(ミニ法話) こころの泉
105.徹する姿
作家の吉川英治氏は、かつて東京祭りで美人コンテストの審査員に選ばれたことがありました。隣に映画監督の吉村公三郎氏が坐っていましたが、美女たちがステージに出てきても、居眠りばかりしていて少しも見ていなかったそうです。この人は映画の撮影で女優さんばかり見ているので、美人は見飽きているのかなと吉川英治氏は思ったそうです。
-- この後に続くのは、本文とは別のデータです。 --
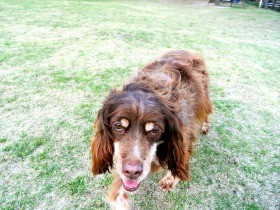 愛犬の老い、知識と覚悟を　認知症で介護必要に、がんも急増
美人コンテストが終わって、次に余興にはいりました。そのとき、深川の老火消したちが舞台の上で木遣りを歌いました。その歌が始まった途端に吉村氏は顔を上げて、目を輝かせて「すばらしいな。すばらしいな」と感嘆したそうです。吉川氏が「何がすばらしいのだ」と聞くと、「あのおやじさんたちの顔を見ろ、あの顔には三昧がある。すばらしい」と繰り返していたといいます。
吉川英治氏はそのことについて、「先の美女達には三昧がなかった。ただ美しいというだけで何もなかった。ところが火消しのおじいさんたちは、火事のない平生は仕事師として生活していた。危険な仕事に従事してきた。そしていざという時には、今度はまといを担いで火事場に駆け付ける。その仕事があの年寄りたちの顔のしわの一つ一つに刻み込まれている。その人たちが晴れがましい舞台の上で木遣りを歌うことなど一世一代のことだろう。彼らはそれに感激して、本当に三昧になって歌っている。それを見て吉村氏は感嘆の声を上げたのだ」と書いています。 三昧は本来仏教の言葉で、深まった境地のことをいいます。ここに言う三昧は、「それになりきっている」との意味だと思われます。自分の顔に職業、人生が現われるものです。少し前までは職業が体に現われていました。今は聞かないと分らなくなってきました。それだけ職業になりきって徹する人が少なくなってきたのでしょうか。